TULSA, Okla. — Ismael Gonzalez says he opens the grocery store he manages -- Prime Time Nutrition grocery -- in South Tulsa at 7:30 in the morning and he immediately locks the door.

He says he has seen a lot of robberies and break-ins, including at some of his neighbor’s businesses.

Tulsa Police say they plan to enhance their crime-fighting by using Flock Safety Camera technology in real-time, to pivot cameras toward an area where a call has come into dispatch.

Tulsa Police Chief Wendell Franklin rolled out some numbers on Thursday showing the success of the technology in its first 6 weeks of use.

Altogether, Tulsa Police say they’ve trained 500 officers with the Flock Operating Software, which has allowed them to recover 28 stolen vehicles, 6 guns, totaling more than $400,000 in property and they’ve made 20 arrests. All were felony suspects.

Chief Franklin says the images from these cameras have been used to solve other criminal cases.

“Earlier this month, homicide detectives used Flock Safety images to identify a homicide suspect’s vehicle in one of the latest homicides,” Chief Franklin said.

Just last week, he says, robbery detectives used Flock Safety images to identify a vehicle and an accomplice in a carjacking, leading to the arrest of 2 people.

Chief Franklin says to those who are concerned about this technology gathering information, he says it pales in comparison to what the technology giants are gathering every day on your phone.

“I can’t tell you enough how this technology has been like we have operated in the dark,” Chief Franklin said, “And flipping this technology on is like flipping the light switch on and you’re able to see things around you that you were never able to see before.”

For Gonzalez, he likes the light this technology will shed on the area where he works.

“I feel like that’s a great idea.

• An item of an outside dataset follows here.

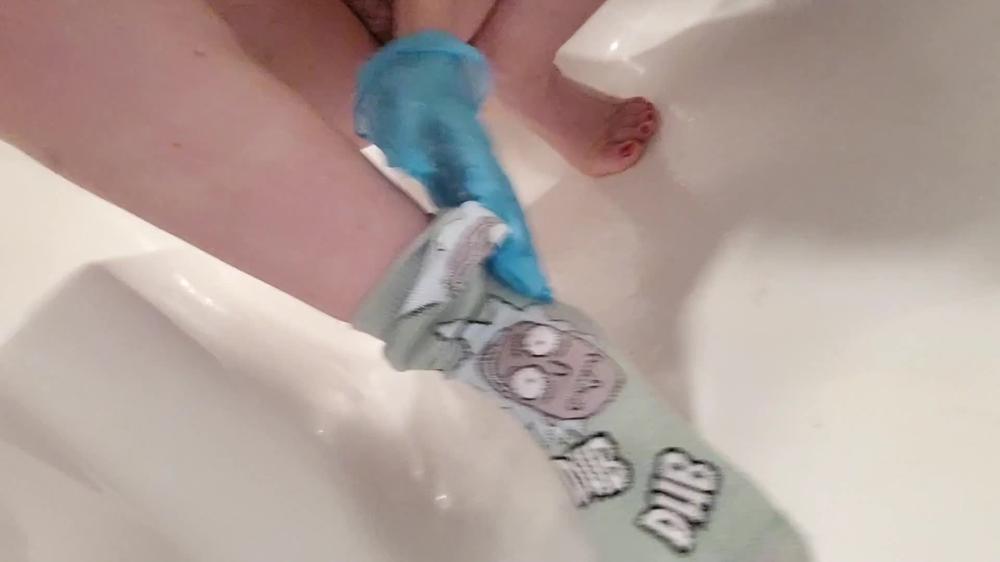 Gloved Anal and Sloppy Sperm Slurping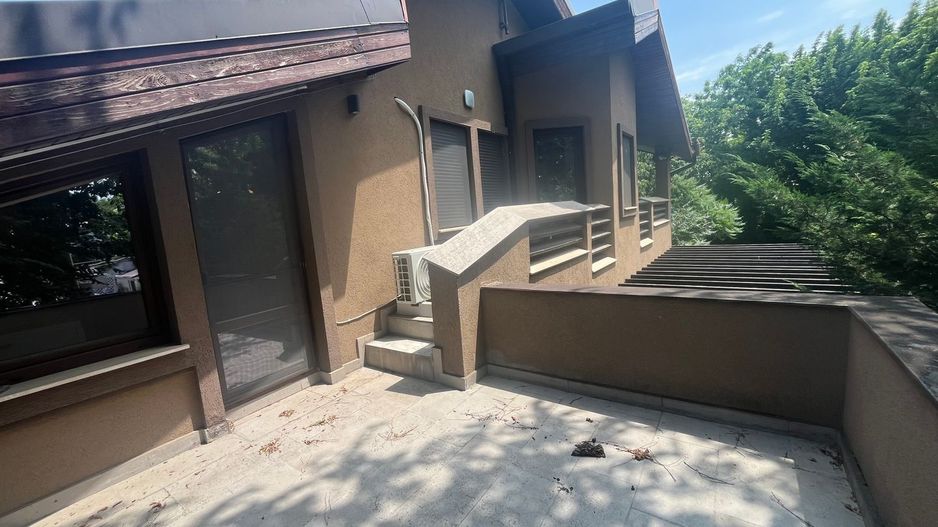 ANDRONACHE | Vila 4 Camere | Garaj | Curte Verde | Ciubar & BBQ - Poză 22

It will keep us safe here,” he says, “[It] makes us feel more protected.”

There’s one more thing that Chief Franklin says he hopes this technology will help - your wallet. He says he hopes that by recovering stolen vehicles and reducing the amount of time between a vehicle is stolen and when it is recovered, it will reduce the amount of money Oklahomans spend on automobile insurance.